A key property of these activation functions is that they are all smooth and differentiable. We’ll see later in this post why differentiability is important for training neural networks. The derivatives for each of these common activation functions are given by (for mathematical details on calculating these derivatives, see this post ):
\[\begin{align} g'_{\text{linear}}(z) &= 1 \\ g'_{\text{logistic}}(z) &= g_{\text{logistic}}(z)(1- g_{\text{logistic}}(z)) \\ g'_{\text{tanh}}(z) &= 1 - g_{\text{tanh}}^2(z) \end{align}\]Each of the derivatives are plotted in the right of Figure 2. What is interesting about these derivatives is that they are either a constant (i.e. 1), or are can be defined in terms of the original function. This makes them extremely convenient for efficiently training neural networks, as we can implement the gradient using simple manipulations of the feed-forward states of the network.

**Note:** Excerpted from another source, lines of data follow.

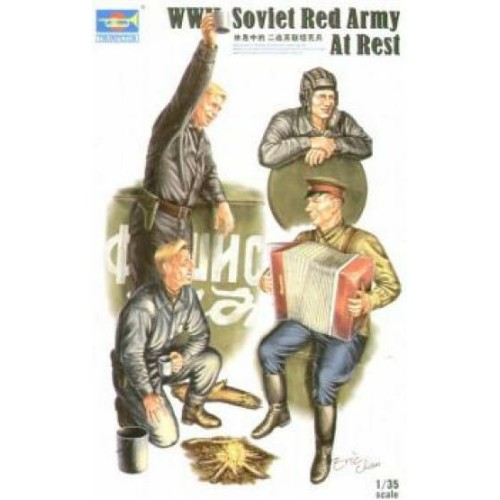 TM00413 - 1/35 WWII SOVIET TANK SOLDIERS (PLASTIC KIT)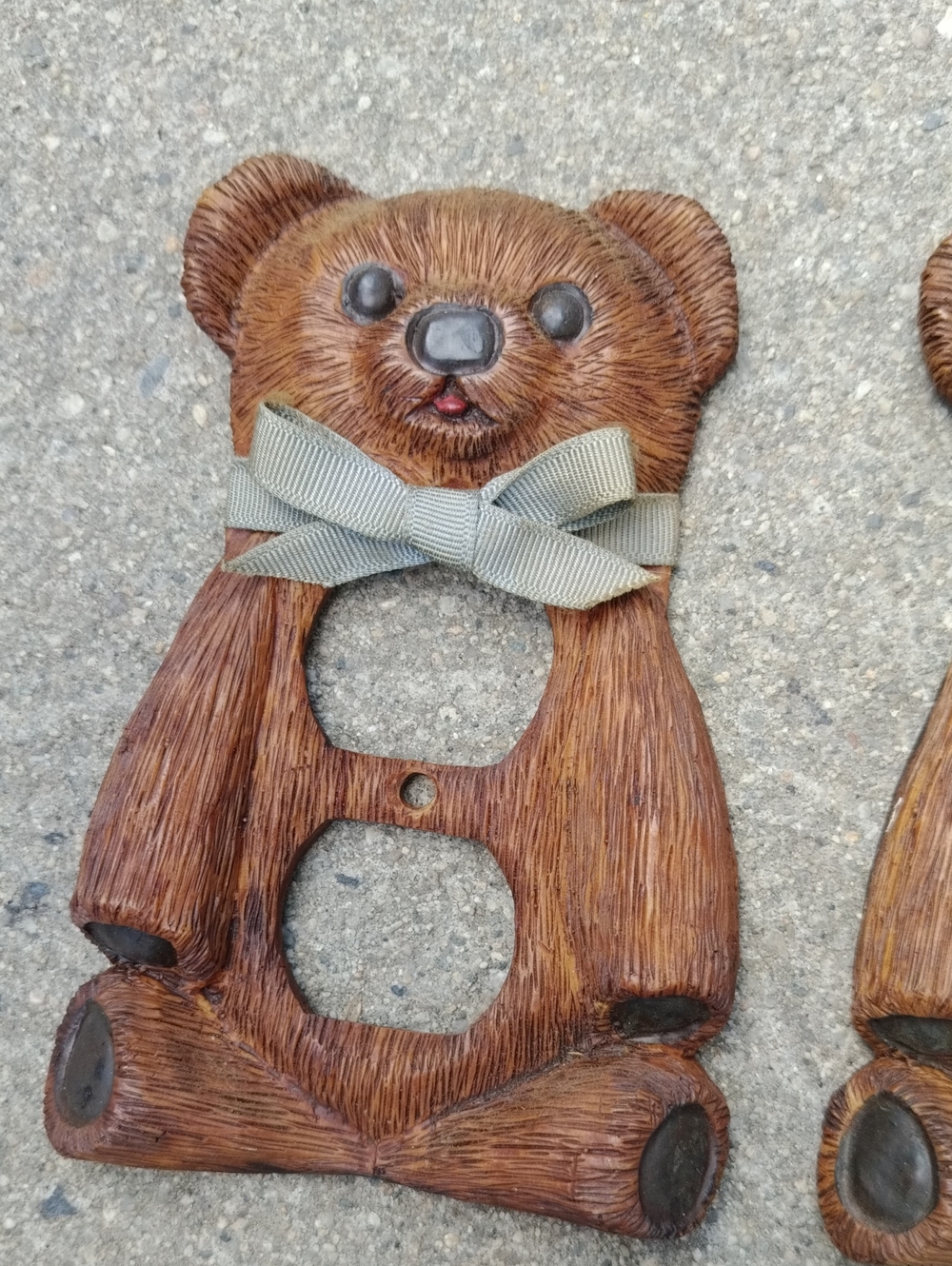 Teddy Bear Double Outlet Cover Plates - Brown Bear Decorative Set - Picture 2 of 7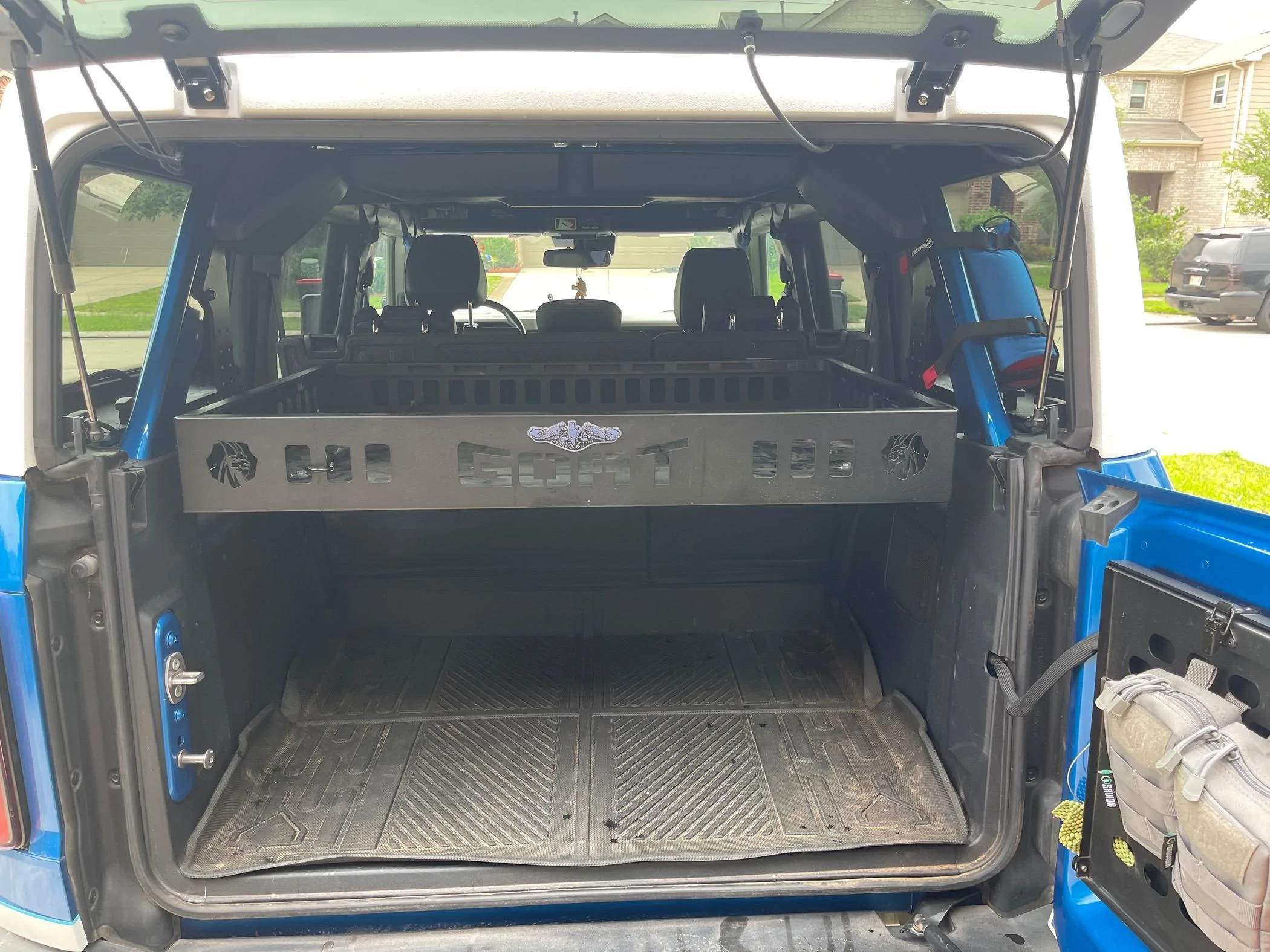 Ford Bronco GOAT FABRICATION ADJUSTABLE CARGO BASKET IMG_6601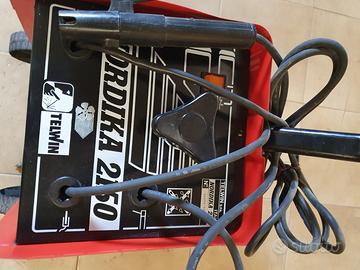 Saldatrice per il ferro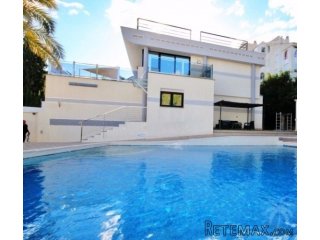 Modern luxury villa within easy walking distance of all..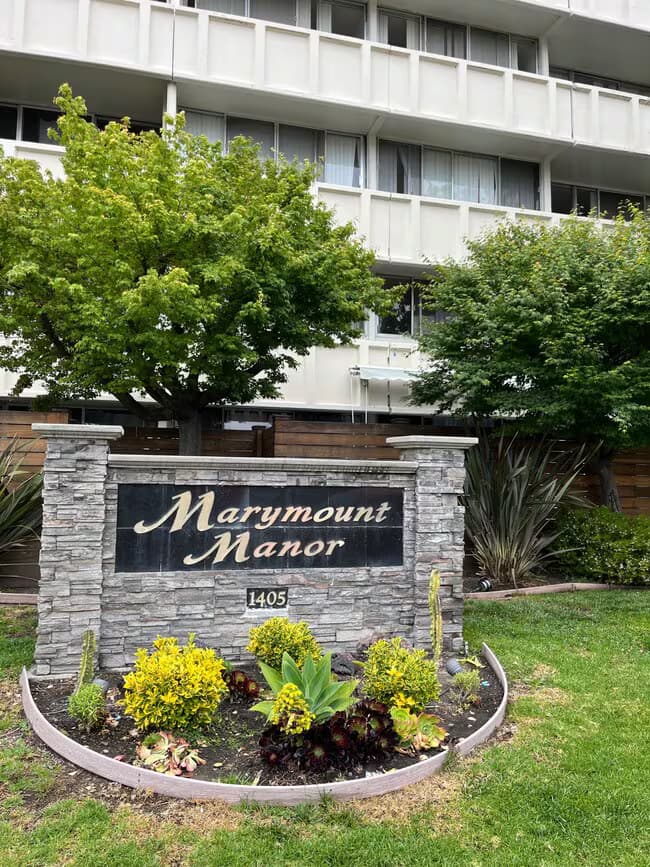 Two Bedroom 511 floor plan
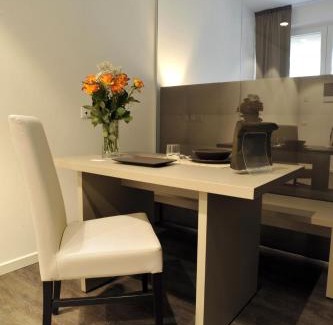 Maggiolina Apartment | Studio Inn Centrale & Milano Urban Padel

Multi-layer Neural Networks
As was mentioned above, single-layered networks implement linear models, which doesn’t really help us if we want to model nonlinear phenomena. However, by considering the single layer network diagrammed in Figure 1 to be a basic building block, we can construct more complicated networks, ones that perform powerful, nonlinear computations. Figure 3 demonstrates this concept. Instead of a single layer of weights between inputs and output, we introduce a set of single-layer networks between the two. This set of intermediate networks is often referred to as a “hidden” layer, as it doesn’t directly observe input or directly compute the output.
By using a hidden layer, we form a multi-layered ANN. Though there are many different conventions for declaring the actual number of layers in a multi-layer network, for this discussion we will use the convention of the number of distinct sets of trainable weights as the number of layers. For example, the network in Figure 3 would be considered a 2-layer ANN because it has two layers of weights: those connecting the inputs to the hidden layer \((w_{ij})\), and those connecting the output of the hidden layer to the output layer \((w_{jk})\).

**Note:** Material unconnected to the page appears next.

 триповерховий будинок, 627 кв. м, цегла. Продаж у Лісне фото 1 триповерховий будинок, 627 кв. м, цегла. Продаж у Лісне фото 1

Figure 3: Diagram of a multi-layer ANN. Each node in the network can be considered a single-layered ANN (for simplicity, biases are not visualized in graphical model)
Multi-layer neural networks form compositional functions that map the inputs nonlinearly to outputs. If we associate index \(i\) with the input layer, index \(j\) with the hidden layer, and index \(k\) with the output layer, then an output unit in the network diagrammed in Figure 3 computes an output value \(a_k\) given and input \(a_i\) via the following compositional function:
\[\begin{array}{rcl}a_{\text{out}} = a_k = g_k(b_k + \sum_jg_j(b_j + \sum_i a_i w_{ij})w_{jk}\end{array}\]A breakdown of this function is as follows:
- \(z_l\) is the pre-activation values for the units in layer \(l\)
- \(g_l()\) is the activation function for units in layer \(l\) (assuming the same function for all units)
- \(a_l = g_l(z_l)\) is the output activation for units in layer \(l\).
- \(w_{l-1, l}\) are the parameters that weight the output messages of units feeding into layer \(l\) to the activation function of units for that layer.
- The \(b_l\) term is the bias/DC offset for units in layer \(l\).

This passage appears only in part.